Was passiert, wenn Schauspieler:innen einen Film spielen sollen, dieser Film aber selbst ein Film ist? LE DEUXIÈME ACTE versucht, diese absurden Fragen zu beantworten, indem er vier Figuren (oder Doppelgänger der Darsteller:innen?) vorstellt, die eine Szene drehen müssen. Während die Statisten in Panik geraten und die Gemüter sich erhitzen, bekommt das gesamte französische Kino sein Fett weg. Dupieux liefert mit LE DEUXIÈME ACTE erneut ein Schmuddelkino, das sowohl Zähnefletschen als auch Lachen hervorrufen will, bis hin zu einer langen Schlusseinstellung, die daran erinnert, dass das alles doch nur Kino ist.
JIM HENSON IDEA MAN (Ron Howard, 2024)
Man kennt Ron Howard für APOLLO 13 (1995), UN HOMME D’EXCEPTION (2001), die Trilogie des DA VINCI CODE (2006, 2009, 2016) oder auch RUSCH (2013), aber man erwartet von ihm weniger einen Dokumentarfilm. Obwohl er 2016 mit THE BEATLES: EIGHT DAYS A WEEK brillierte, erhielt er drei Jahre später mit seinem PAVAROTTI (2019) eher gemischte Kritiken. Es ist für uns anfänglich schwierig zu beurteilen, ob sein neues Biopic, das im Rahmen der Cannes Classics gezeigt wurde, beim Publikum ankommt, bevor wir im Kinosaal nach gerührten Blicken Ausschau halten und feststellen, dass wir nicht die Einzigen sind, die seine leidenschaftliche Hommage an Jim Henson, den berühmtesten aller Puppenspieler und Schöpfer der Muppet Show, echt lieben. Im Kinosaal, im dem drei Tage zuvor Faye Dunaway mit einem alles in allem klassischen und langweiligen Dokumentarfilm gefeiert wurde, erhält Ron Howard eine Standing Ovation, die seinem meisterhaften Werk gerecht wird.

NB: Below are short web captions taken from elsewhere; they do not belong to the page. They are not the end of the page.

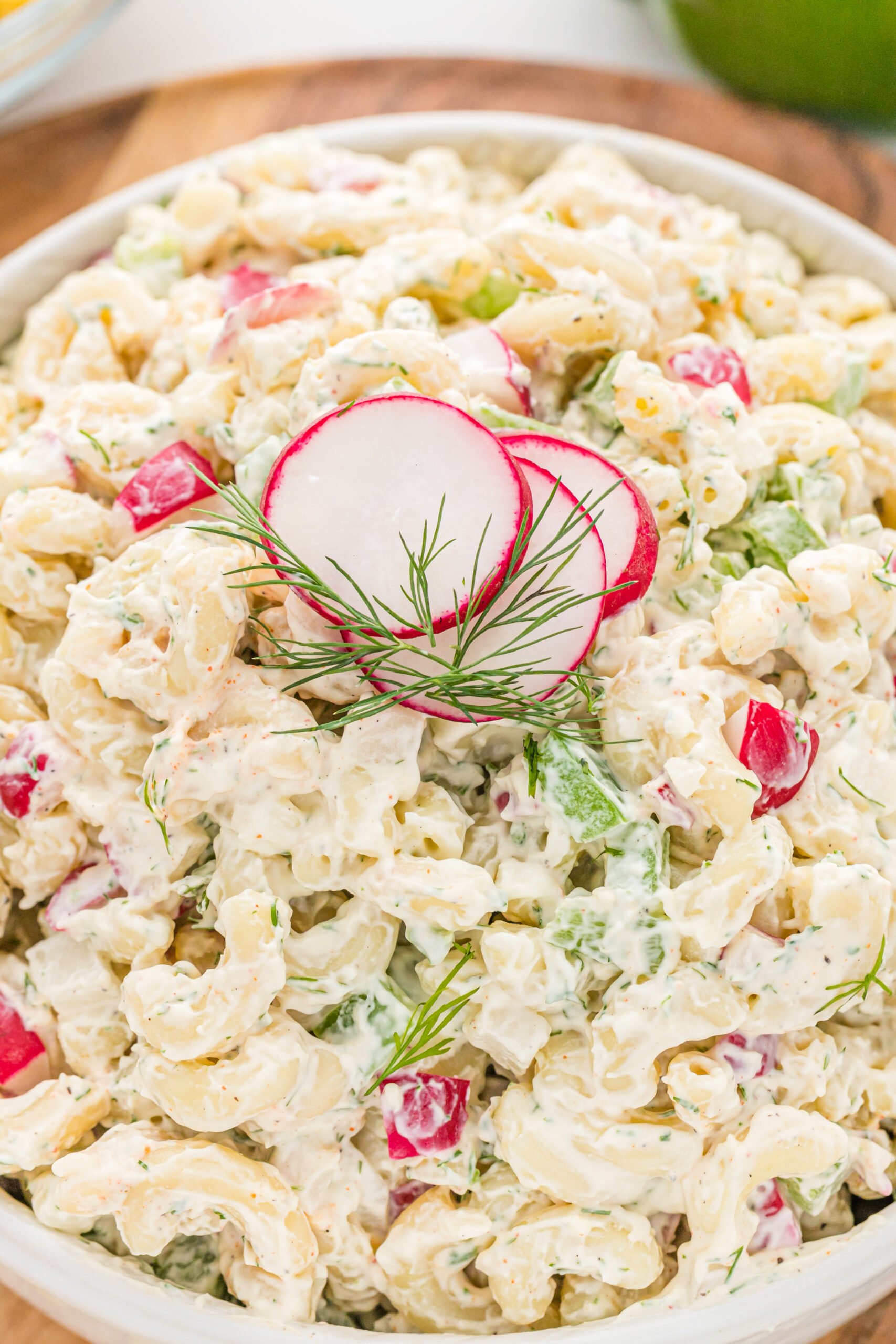 Close up view of Macaroni Dill Pasta Salad in a white serving bowl.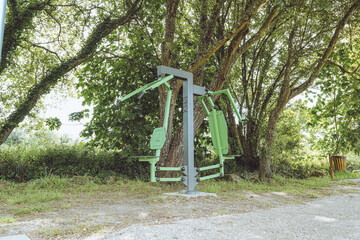 Fototapeta premium Chest Press / Seated Row Combo Station - Outdoor Gym, Santa Comba Dão, Portugal, public fitness Calisthenics equipment in a green park environment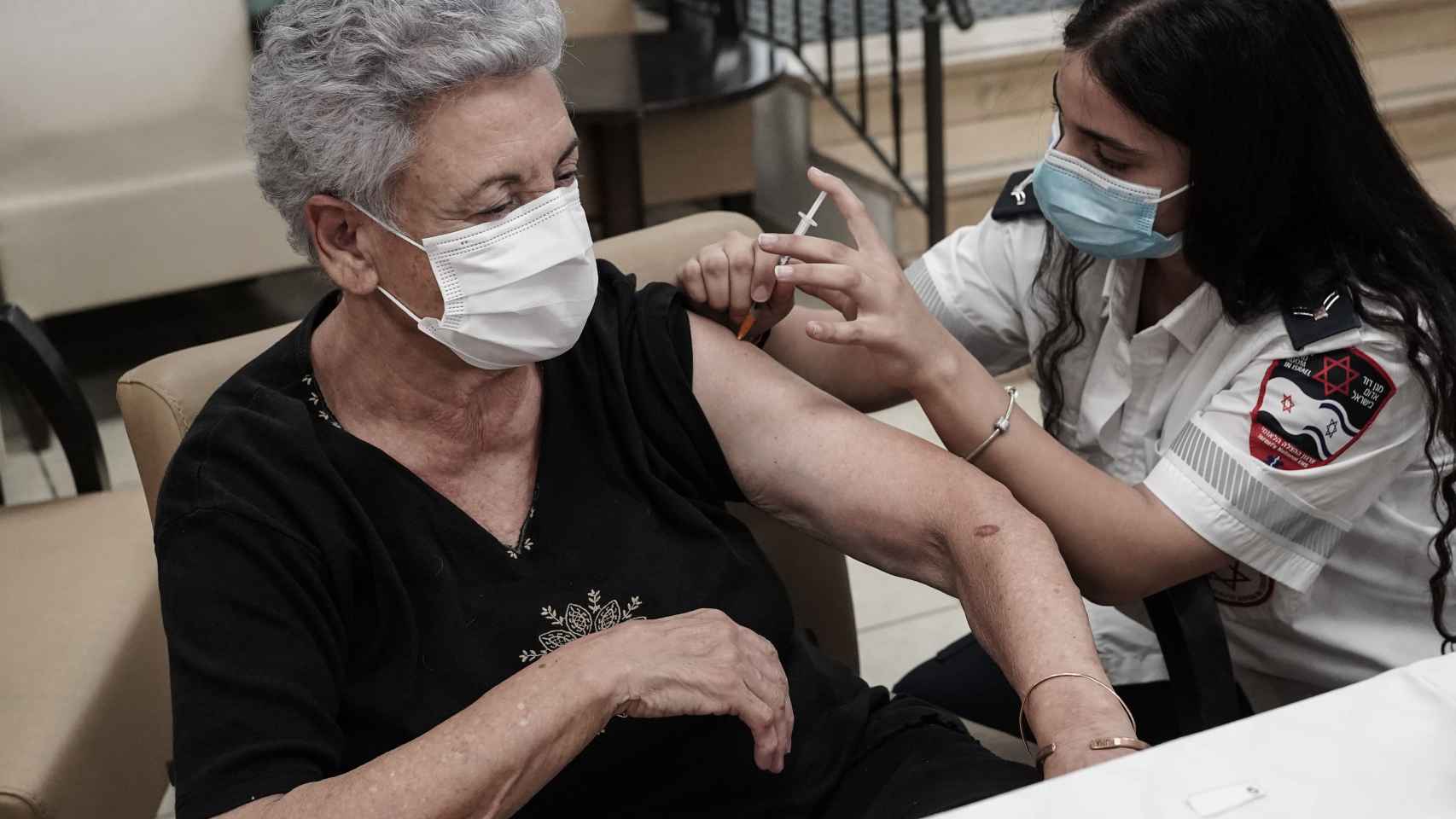 Una anciana israelí recibe la tercera dosis de la vacuna de Pfizer a comienzos de agosto. Nir Alon/EP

Sein Film ist eine wohlwollende und bewegende Vision, dokumentiert genau und besticht durch eine kreative Note, die genauso kreativ ist wie der Mann, den er den Zuschauer:innen bekannter machen will: Jim Henson, der «Schöpfer der tausend Ideen». Man verschlingt seine Beziehung zum Leben, zur Zeit und zur Menschheit; man begehrt seinen Eifer, seine Träume zu verwirklichen; man wird von einem unbändigen Verlangen gepackt, das Spektakel, das man gerade verlassen hat, auf den Strassen fortzusetzen, mit Fantasie als Speerspitze und Kreativität, um die Welt zu verändern.